November 19, 2003–February 22, 2004

Dutch Interiors in the Age of Vermeer

A Rare Vermeer Comes to Boston

Thanks to the generosity of the Metropolitan Museum of Art, the MFA had the unparalleled opportunity to exhibit a beautiful and rare painting: Johannes Vermeer’s Young Woman with a Water Pitcher. For a limited time only, this work was on view in the Matthew and Edna Goodrich Brown Gallery along with a special installation of the MFA’s Dutch genre paintings.

Vermeer’s paintings often feature women in domestic interiors but, unlike other Dutch genre scenes, they lack a clear narrative. Rather, the subject becomes the quality and workings of light, its magical reflections rendered in smooth, highly finished brushwork. In Young Woman with a Water Pitcher, the room’s fashionable furnishings and the woman’s attire indicate her elevated social standing; the silver pitcher and washbasin evoke innocence, purity, and cleanliness.

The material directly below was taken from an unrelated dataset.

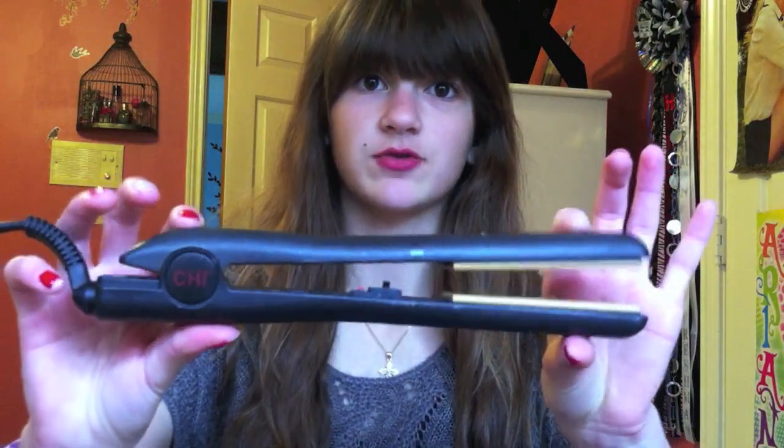First off, what you need is a straightener, because her hair is straightened in the picture, so you're going to need any type of straightener that you have. I'm using the Chi Black Straightener. Then you're going to need a hairbrush to brush out your hair. You're going to need some hairspray when you're finished with the look, and then you're going to need heat protectant before you straighten your hair and before you crimp it.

Surely one of the most famous and beloved artists of all time, Vermeer recently captured the popular imagination because of a spate of novels fictionalizing his life and subjects. And, while Rembrandt’s body of work consists of several hundred paintings, drawings, and prints, only about thirty-five works by Vermeer are extant. As these paintings are concentrated in just a few collections and rarely travel, this MFA special event was an exceptional opportunity for visitor's to discover one of Vermeer’s finest works.